心配をかけまいと、母にはいじめられていることを打ち明けませんでした。しかし、私の異変を感じていた母は、学校の先生や生長の家の講師に相談をしていたようです。母に勧められて夏の小学生練成会*2に参加し、講師から「『私は素晴らしい神の子です』と、一日に何十回と唱えたらいいんだよ」と言われたのですが、当時は意味が理解できず唱えることはありませんでした。
*2 合宿して教えを学び、実践するつどい
3年生のクラス替えで、いじめをしてきた子たちとは別々のクラスになったのですが、人と接するだけで恐怖心を覚え、常におどおどした態度をとるようになってしまいました。それを同級生からからかわれ、中学を卒業するまで不登校を繰り返しました。
高校生になると、普通に話をしたり、昼食を一緒に食べたりする友達ができたのですが、いじめられた記憶を払拭できず、時折学校に行けなくなることもありました。
良くなりたいのに変われない
高校卒業後、調理師になる夢を描いていた私は、調理師専門学校に通うため一人暮らしを始めました。希望を胸に抱いて入学したものの、陰口を言われているような気がして、常に周囲の顔色をうかがってしまいました。
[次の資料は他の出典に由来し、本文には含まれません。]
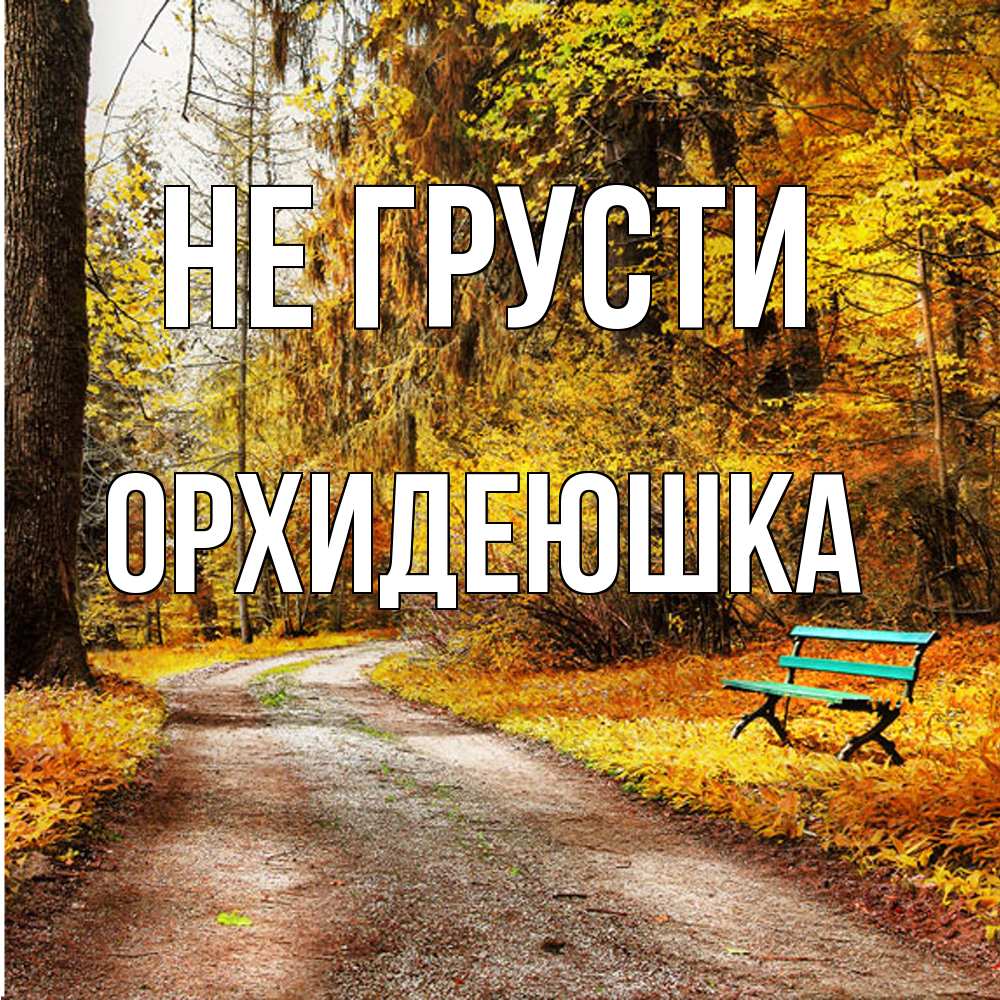 Открытка на каждый день с именем, Орхидеюшка Не грусти зеленая лавочка Прикольная открытка с пожеланием онлайн скачать бесплатно 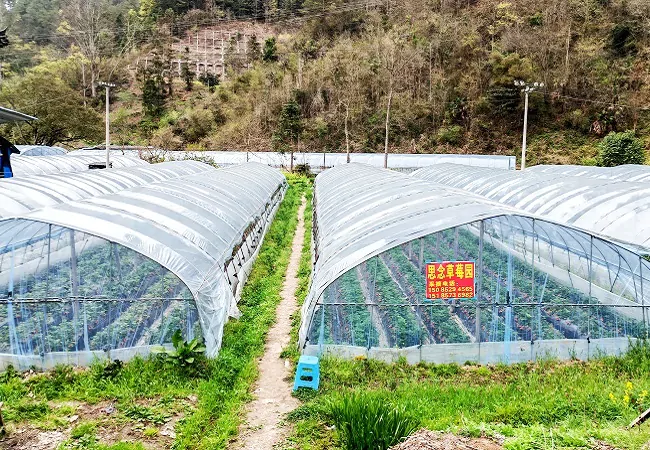 图为：草莓园大棚.jpg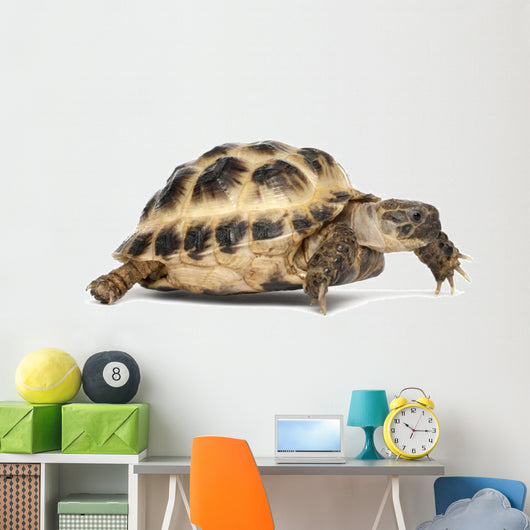 Young Russian Tortoise Wall Decal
母に電話で弱音を吐くと、「あなたは素晴らしい神の子だから絶対、大丈夫!」と勇気づけられ、一旦は気持ちが前向きになるのですが、数日経つと暗い想念に押し潰されてしまい、休学した後、1年で退学してしまいました。
実家に戻った私は「このままではいけない」という思いから、製造関係の就職先を探しはじめました。しかし、良さそうな求人を見つけても、一歩を踏み出す勇気が持てなかったのです。
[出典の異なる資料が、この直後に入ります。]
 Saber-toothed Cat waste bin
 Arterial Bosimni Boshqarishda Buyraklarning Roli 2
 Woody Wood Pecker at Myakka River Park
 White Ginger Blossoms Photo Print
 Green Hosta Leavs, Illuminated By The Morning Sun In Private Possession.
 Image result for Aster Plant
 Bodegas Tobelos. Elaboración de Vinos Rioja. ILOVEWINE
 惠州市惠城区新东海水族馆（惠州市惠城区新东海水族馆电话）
そんな頃、叔父に勧められて若者の就職を支援する施設に通い始め、履歴書の書き方を教わり、模擬面接の練習を重ねたことで、面接を受けられるまでになりました。ただ、就職活動では内定をもらえたこともあったのですが、自分に自信が持てず結局辞退してしまい、そんな自分に嫌気が差して、家に引きこもるようになってしまったのです。
傍を楽にする
その後、24歳のときに、母の知人から教化部*3で働いている青年会*4の方を紹介され、時折、電話やメールでやりとりをするようになりました。その方に誘われ、教化部の仕事や練成会などの行事を手伝うなかで、徐々に教化部の他の人たちとも話ができるようになっていきました。
*3 生長の家の布教・伝道の拠点
*4 12歳から39歳までの生長の家の青年の組織
教化部に行くのが楽しみになっていたある日、ふと青年会の方に「人が怖くて働くことができない」と相談すると、「働くとは『傍(はた)を楽(らく)にする』ことだから、周囲の人を楽にする他者貢献なんです。こうして手伝ってくださっているあなたの表情は輝き始めているから、いい方向に向かっていますよ」と励まされました。
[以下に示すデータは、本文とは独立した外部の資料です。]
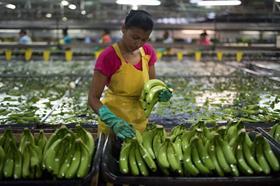 Fyffes worker bananas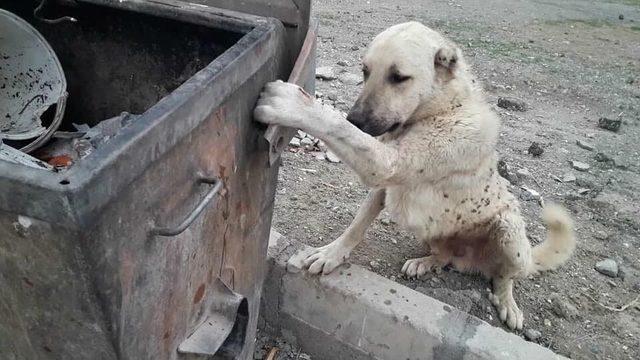 Çöp Kutusuna Ayağı Sıkışan Köpeği İtfaiye Kurtardı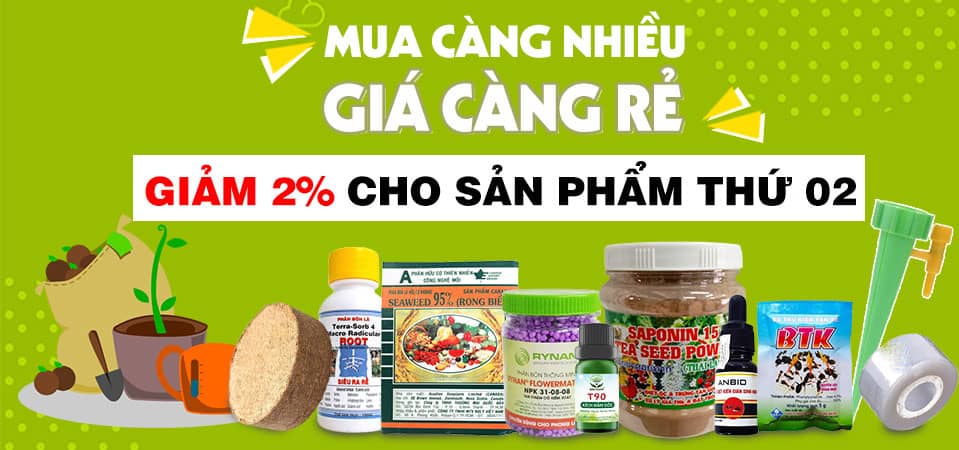 MUA CÀNG NHIỀU - GIÁ CÀNG RẺ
私は自分の表情を褒められたことがとても嬉しくて、気持ちが前向きになりました。そんなとき、あるスーパーマーケットが新規出店に伴い社員を募集しているのを見つけ、応募したところ採用が決まりました。そこで6年間仕事を続け、仲の良い同僚もできましたが、もっと自分に合った仕事をしたいと思い、現在は特別支援学校の教諭をサポートする仕事をしています。
引きこもりをしていた時期は、苦しくて部屋の片隅で泣いていたこともありました。でも信頼できる人間関係があれば、不安や恐怖を乗り越えられることを知りました。「あなたは素晴らしい神の子なんだよ」という母の励ましの言葉を信じて、これからも人のためになることに取り組んでいきたいと思います。